コラム

ムトゥを見に行く

1998年9月20日

 

昔の卒業アルバムの写真をテレビで使うからといって、アシスタント・ディレクターを名乗る髪の長い男が事務所に借りにきた。中学の同級生に一人芸能人がいるのだが、彼の回顧談の中でアルバムの写真を映したいというのだ。よく貸したきりになってしまうと聞いていたので、必ず返してくださいよと念を押してプロデューサーの借用証までもらっていたが、放映のことはいつのまにかすっかり忘れてしまっていた。それでアルバムを返してもらうときにビデオをもらって、さっそく回してみたら、画面はほんの一瞬映っただけで、なんだか拍子抜けしてしまった。

それはそうと、10年以上使いつづけたわが家のテレビにも、とうとうガタが来た。画面は変わりないのだが、音が全く聞こえなくなってしまった。出演者がにたにたげらげら笑っていても、音が聞こえないと腹立たしいような気がしてくる。しばらくは我慢できるかと思ったが、音のしないテレビはとうてい耐えられないと知った。

正月早々テレビを買いに行くのもなんとなく気後れする。
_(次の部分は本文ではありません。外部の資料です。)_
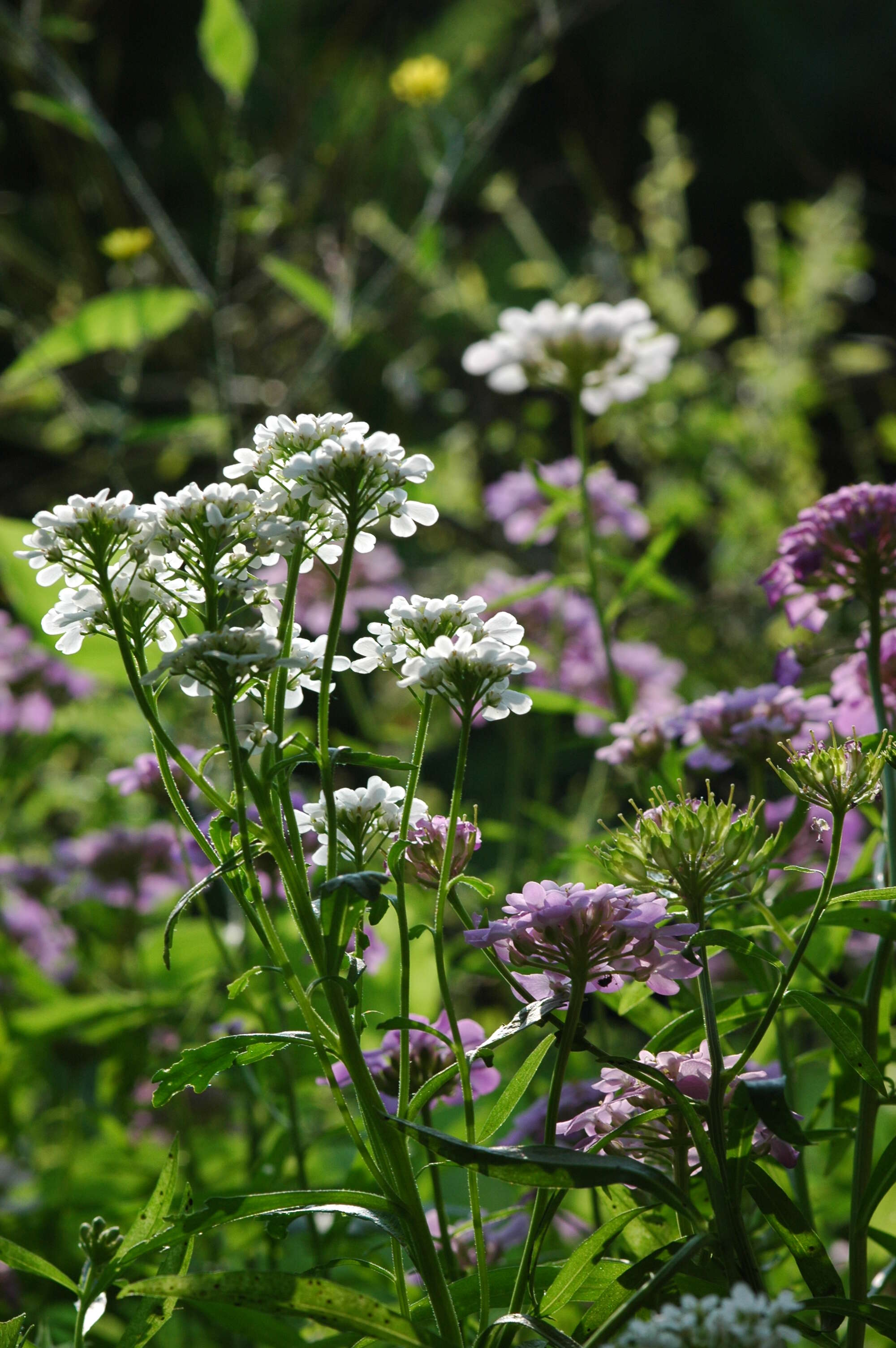 Plancia ëd Iberis umbellata L.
しょうがない、映画でも見に行くか。というので、探し出して行ってみたのが『ムトゥ、踊るマハラジャ』、けっこう人気はあるらしいが、所詮マイナーなインド映画である。ところが、行ってみて驚いたのが映画館を取り巻く大行列。予想もしない熱気に満ちた超満員の館内だった。

映画の内容は、なんというか、例えはちょっと古いが”市川歌右衛門の旗本退屈男”を思い起こさせる小太りのインド映画のスーパースターが、あるときは”雨に歌えばのジーン・ケリー”のように、またあるときは”スーダラ節の植木等”のように、そして最後は”燃えよドラゴンのブルースリー”のように大活躍する、いいかげんな話である。

それでも、3時間の上映が終った時には、場内は満場の拍手となった。なんだか、昭和30年代の映画館の中に戻ったような錯覚に一瞬襲われ、観客の誰もがしばらくはその余韻に浸っているように思われた。